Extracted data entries
--

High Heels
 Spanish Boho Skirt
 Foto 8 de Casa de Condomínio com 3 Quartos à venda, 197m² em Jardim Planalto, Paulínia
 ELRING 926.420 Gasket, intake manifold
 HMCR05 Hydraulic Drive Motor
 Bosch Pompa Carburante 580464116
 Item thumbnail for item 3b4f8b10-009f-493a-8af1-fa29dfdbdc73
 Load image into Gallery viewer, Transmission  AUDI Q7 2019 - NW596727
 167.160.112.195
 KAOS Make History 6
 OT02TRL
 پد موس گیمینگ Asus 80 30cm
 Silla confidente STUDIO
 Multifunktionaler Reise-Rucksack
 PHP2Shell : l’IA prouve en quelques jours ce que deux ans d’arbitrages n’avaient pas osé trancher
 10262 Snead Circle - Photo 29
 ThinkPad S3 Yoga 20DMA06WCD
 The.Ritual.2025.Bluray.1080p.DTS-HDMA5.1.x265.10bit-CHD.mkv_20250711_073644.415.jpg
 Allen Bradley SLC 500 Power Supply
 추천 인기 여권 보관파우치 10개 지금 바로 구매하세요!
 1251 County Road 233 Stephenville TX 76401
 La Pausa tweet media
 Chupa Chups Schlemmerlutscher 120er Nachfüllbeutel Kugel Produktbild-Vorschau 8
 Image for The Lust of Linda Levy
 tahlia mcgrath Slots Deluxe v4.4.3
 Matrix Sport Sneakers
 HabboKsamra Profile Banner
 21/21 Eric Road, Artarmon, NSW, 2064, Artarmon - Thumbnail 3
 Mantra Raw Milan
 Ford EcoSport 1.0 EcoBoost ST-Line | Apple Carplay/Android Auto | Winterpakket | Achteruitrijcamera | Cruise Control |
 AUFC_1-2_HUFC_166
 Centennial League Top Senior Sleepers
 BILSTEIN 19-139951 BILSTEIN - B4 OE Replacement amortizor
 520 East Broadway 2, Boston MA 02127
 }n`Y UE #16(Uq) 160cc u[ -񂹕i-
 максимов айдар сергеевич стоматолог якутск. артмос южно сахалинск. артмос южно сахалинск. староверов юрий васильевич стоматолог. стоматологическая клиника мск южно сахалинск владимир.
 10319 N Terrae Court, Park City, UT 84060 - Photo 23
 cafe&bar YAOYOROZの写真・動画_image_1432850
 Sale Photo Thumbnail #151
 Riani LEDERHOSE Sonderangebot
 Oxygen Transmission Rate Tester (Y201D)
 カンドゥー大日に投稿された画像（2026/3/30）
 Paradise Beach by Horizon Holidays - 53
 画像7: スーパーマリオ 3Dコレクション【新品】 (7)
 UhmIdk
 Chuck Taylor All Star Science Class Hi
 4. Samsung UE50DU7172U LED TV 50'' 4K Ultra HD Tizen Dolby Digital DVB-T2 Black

--

## What is expected
Scan the lines above for "Centennial League Top Senior Sleepers" and for "10319 N Terrae". Repeat exactly the line holding each of them and every line in between.

## Exercise response
 Centennial League Top Senior Sleepers
 BILSTEIN 19-139951 BILSTEIN - B4 OE Replacement amortizor
 520 East Broadway 2, Boston MA 02127
 }n`Y UE #16(Uq) 160cc u[ -񂹕i-
 максимов айдар сергеевич стоматолог якутск. артмос южно сахалинск. артмос южно сахалинск. староверов юрий васильевич стоматолог. стоматологическая клиника мск южно сахалинск владимир.
 10319 N Terrae Court, Park City, UT 84060 - Photo 23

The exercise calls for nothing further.